CD – Andrew Dickeson's Blue Rhythm Band – Swingin' the Blues
Drum master, Andrew Dickeson, has made a recording showcasing his virtuosity as well as those of his fellow ‘kings of swing’. This is an album for dancers and listeners alike, with so many highlights that it’s difficult to know where to start. They do what Basie did - four solid beats to the bar and no cheating. Accompanying Dickeson on this fabulous connoisseur’s choice of classic tracks is Brad Child on tenor saxophone, Peter Locke on piano, and Jacob Graham on the double bass. The results are a magical interplay of musical invention, sliding around familiar themes in a swinging fashion with their fine technique. Opening with the Count Basie composition, Splanky, to set you in the mood, the band progresses to the gems of Charlie Shavers, Duke Ellington, Eddie Durham and the anthem of the great Chick Webb, Stompin’ At The Savoy, leaving the listener agape, breathless and in awe, walking the tightrope between their inventiveness and allowing the familiar tunes to speak. In My Solitude allows everyone to cool their Latin soaked heels, until Brad Child brings the house down, seizing the opportunity to demonstrate his impressive ballad chops with his soulful interpretation of the atmospheric Poor Butterfly. The performance delivers imagination and a pace that is a masterclass of how to reinvent the blues. This is a very special album from some very special musicians.

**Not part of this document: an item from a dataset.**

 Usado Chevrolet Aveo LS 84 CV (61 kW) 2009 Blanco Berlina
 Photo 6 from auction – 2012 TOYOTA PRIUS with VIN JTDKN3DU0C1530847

Jazz and Beyond, Barry O'Sullivan, Oct 2021
CD - Dan Barnett - Through Her Eyes
"the pay-off is an immediacy to the music, itself, and to the players’ interaction. Those players are the cream of Australia’s mainstream jazz scene: Paul Furniss (clarinet/alto saxophone – brilliant on Sultry Serenade), Bill Burton (trumpet/flugelhorn), Peter Locke (piano), the late Chuck Morgan (guitar), Craig Scott (bass), Cyril Bevan (drums), George Washingmachine (guest vocals/violin) and Anthony Howe (guest drums). And yet, as good as the solos are and as silken as the rhythm section is, the beating heart of the project lies in Barnett’s unerring instincts as jazz singer, even jolting you in the midst of something as well-worn as Skylark with a burst of falsetto as unexpected as a shooting star. On a couple of tracks his and Washingmachine’s voices merge in phrasing and blend in harmony like two kids playing a game – which is what music is when played with this level of delight.
Sydney Morning Herald, John Shand, Dec 2018
CD - Dan Barnett - Strictly Swingin'
Many works of Freddie Slack, a now forgotten American swing and boogie-woogie pianist/bandleader are featured. Tunes associated with him, Boogie Blues, Small Batch O’ Nod, The House Of Blue Lights, Southpaw Serenade, and A Cat’s Ninth Life enable pianist Peter Locke to show his hitherto hidden boogie-woogie expertise. Locke is part of a swinging rhythm section with bassist Ashley Turner and the redoubtable drummer Andrew Dickeson.
The Australian, Eric Myers, Dec 2018
In Performance - Gregg Arthur - Melbourne Jazz Festival: Opening gigs set a standard for elegance, artistry and innovation
The opening night in the Melbourne Recital Hall featured Australian vocalist Gregg Arthur, followed by the American Branford Marsalis' quartet. Arthur began the festival with an immaculate version of perhaps the most difficult standard in jazz, Billy Strayhorn's Lush Life, accompanied by pianist Peter Locke.
The Australian, Eric Myers, June 2018
In Performance - Gregg Arthur - The Slippery Art of Stretching and Snapping a Line
"the real highlights came on the standard repertoire. A Child is Born was transfixing, and pianist Peter Locke's gorgeous arrangement of In a Sentimental Mood allowed Arthur to tap into the song's deep beauty against fluttering piano figures. Locke's playing was a delight throughout, and with bassist Craig Scott and drummer Ron Lemke the band had a suppleness and keen feel for ensuring the voice was always spotlit.
Sydney Morning Herald, John Shand, Dec 2017
CD - Dan Barnett - Walkin' Shoes
From ballads to bop. The instrumental Tin Tin Deo is a dizzying workout for the band's Afro-Cuban chops. Growing out of a Greg Royal bass intro through a sharp Peter Locke piano solo, the tune culminates in an Andrew Dickerson (really, who else?) drum workout. A (grooving) highpoint!
AustralianJazz.net, John Hardaker, Jan 2017
CD - Dan Barnett - One for C
"a sensational big band reading of I Remember Clifford, and some enchanting solos from pianist Peter Locke and the radiant guitar of Chuck Morgan, underpinned by bassist Ed Gaston and British drummer Cyril Bevan."